Dispatch from the wine cellar: Is there a place for Italian wine in 2025?

After Thanksgiving I started a project: reducing, eliminating, paring down and finely tuning my wine collection. After 40+ years of amassing wines, I realized there were wines that were: 1) too old, 2) already dead, 3) not interesting, 4) too many and 5) I’ll never live long enough to drink all of them.

Now, we’re not talking about thousands of bottles. I’m not that kind of collector. But it has gotten up into the hundreds. And my wine closet, where I kept most of them over that past 30 years, just didn’t seem to be a good usage of space and energy. I bought a small unit, holding about 160 of the top wines I wanted to keep. And I had an older unit, which could hold the larger format bottles, the port and some additional wines that didn’t make it to the larger cooler, but I just couldn’t part with them yet. That left me with 150 or so bottles that just needed to go.

I was encouraged by a friend who recently downsized and had to leave a home which held probably 2,000-3,000 bottles in his wine cave. He opted to take about 500 or so bottles to the new abode. More than I had starting out on my journey of wine reducing.

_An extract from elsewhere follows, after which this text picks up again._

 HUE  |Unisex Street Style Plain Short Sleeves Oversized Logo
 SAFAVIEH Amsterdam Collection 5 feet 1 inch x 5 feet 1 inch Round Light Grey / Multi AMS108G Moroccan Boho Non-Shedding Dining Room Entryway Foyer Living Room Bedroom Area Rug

Which comes to the wine selections I’ve retained. 70% are Italian, 90% of them being red. 23% are older than 20 years. 80% of them are ten years or older. That could be a problem.

15% of the wines are from California and another 15% are sweet or dessert wines, like Vin Santo and Port. 80% of the Ports are over 20 years old the oldest being a 1970 (Grahams Vintage). I’ve put in a Request-to-Above for cold winter nights over the next 10 years. Living in Texas I’ll probably get more tornadoes and hail than snow and ice, but we can always hope.

I wish I had more French wines, but I tend to drink them up. German wines too. I absolutely love riesling.

Italian wise I’m sitting well with wines from Tuscany and Piedmont. I better start eating more steak and pasta. Great, just what my doctor would love to hear.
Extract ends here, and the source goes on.